Concentration-dependent β-cyclodextrin-promoted refolding of gold nanoparticles-conjugated bovine serum albumin complexed with gemini surfactants with different spacer groups

This work demonstrates refolding of unfolded bioconjugated bovine serum albumin [(BSA, 10 mu M):gold nano particles (AuNPs, 0.0124 mu M)] using beta-cyclodextrin (beta-CD). Protein bioconjugates are first unfolded with 0.2 mM of each of gemini surfactants, 12-4-12,2Br and 12-8-12,2Br-that have hydrophobic spacer groups of different lengths. At this concentration of a gemini surfactant, protein bioconjugates remain in compressed form due to strong hydrophobic interactions imparted by highly hydrophobic microdomain within the core of the gemini micelles formed along the chain of a bioconjugate. The compressed protein bioconjugates get relaxed in presence of a low concentration of beta-CD which strips off surfactant molecules from bioconjugate-micelles complexes. Relaxed denatured protein bioconjugates then get refolded once remaining surfactant molecules are stripped off at a higher concentration of beta-CD. A step-wise refolding process of bioconjugated protein chains exactly opposite to the unfolding is noted. Binding isotherms are constructed using Forster's resonance energy transfer (FRET) and nanometal surface energy transfer (NSET) parameters calculated based on energy transfer process occurs between Trp residues and AuNPs. a-helix of protein bioconjugates remains in inverse relationship to beta-turns during refolding by beta-CD. Refolding is found to be more in presence of 12-8-12,2Br- than 12-4-12,2Br-. Secondary/ tertiary structural changes of refolded BSA, on being bioconjugated, have been determined through various spectroscopic analysis.

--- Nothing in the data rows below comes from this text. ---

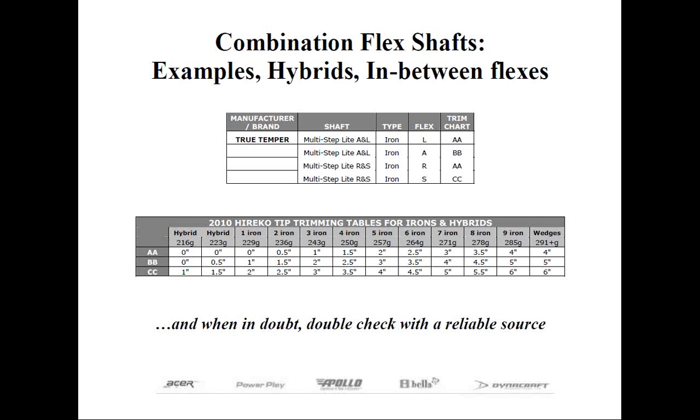If you didn't tip trim less than that amount, you're going to end up with a stiffer shaft because the head weighs less. On top of that, you may not have enough shaft left on the butt end to get your desired length and would be forced to use an extender. If the hybrid weighed 249 grams, essentially the same as a four iron, then you would tip trim and treat it for length just as if it were a four iron. It's not complicated — you just have to use a little common sense.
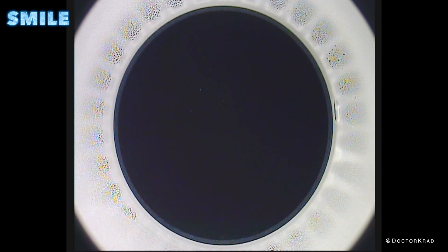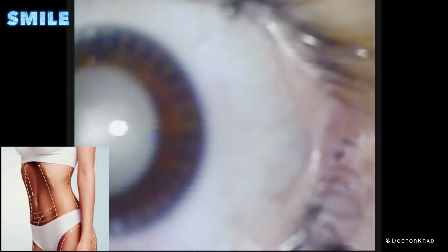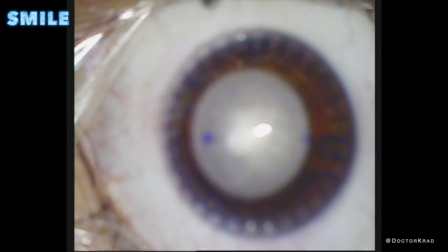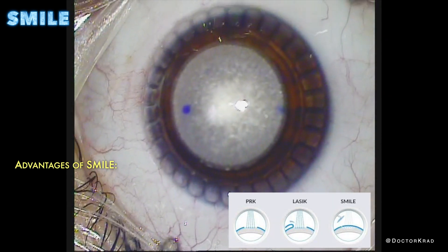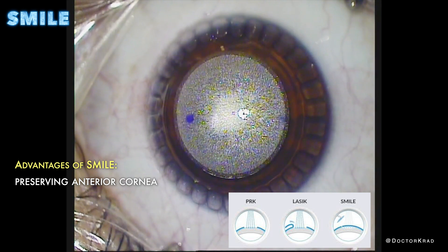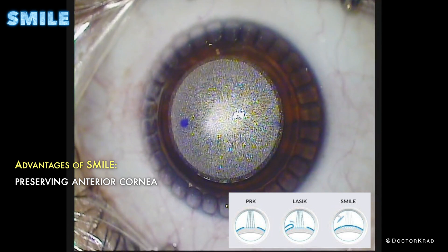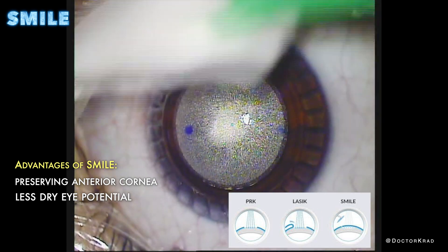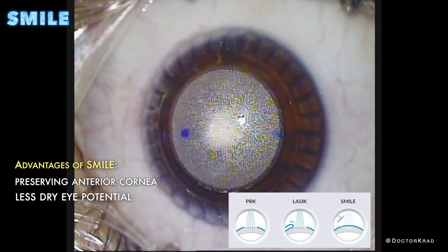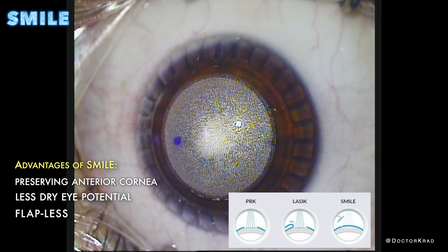SMILE is like laser liposuction of the cornea. We remove a precise amount of tissue from the center of your cornea, making the cornea skinnier. This new shape of the cornea focuses your vision. Unlike PRK or LASIK, we are preserving the anterior most part of the cornea, which is important for the biomechanical stability of the cornea. There is less dry eye potential since we are cutting through less corneal nerves. There is also no flap, and therefore no flap-related complications that can occur.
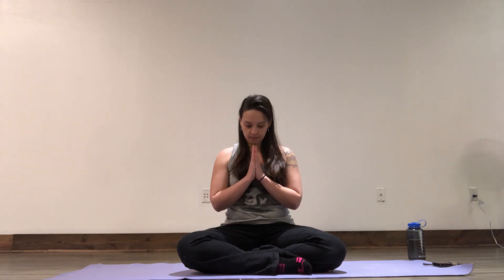Thank you so much for trying this meditation with me today. Namaste.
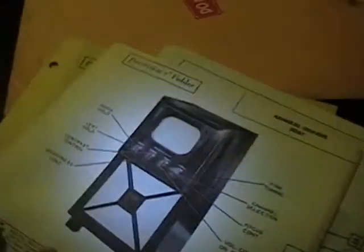Anyways, this set I actually have the Sam's Photo Fact for it — the service manual and all the parts lists. And looking through these parts, this set's also quite a bit different, although it does have a dual chassis. This one has two power transformers, and the upper chassis is quite a bit different. So I'm not going to order any parts for this guy right now either, which leaves one last Admiral console.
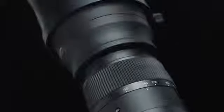In addition, the optical power distribution is optimized to minimize transverse chromatic aberration. Together, these technologies deliver outstanding image quality throughout the zoom range.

An approach towards construing the refolding of denatured AuNPs-bioconjugates as potential materials and impacts of AuNPs on conformations of refolded protein is presented here.

Automated summary

This work demonstrates the reverse refolding process of unfolded bioconjugated proteins using beta-cyclodextrin (beta-CD). The compressed protein bioconjugates relax in the presence of a low concentration of beta-CD and then refold once remaining surfactant molecules are removed at a higher concentration of beta-CD. The secondary/tertiary structural changes of the refolded protein have been determined through spectroscopic analysis. This study provides insights into the protein folding process and its potential applications in materials science.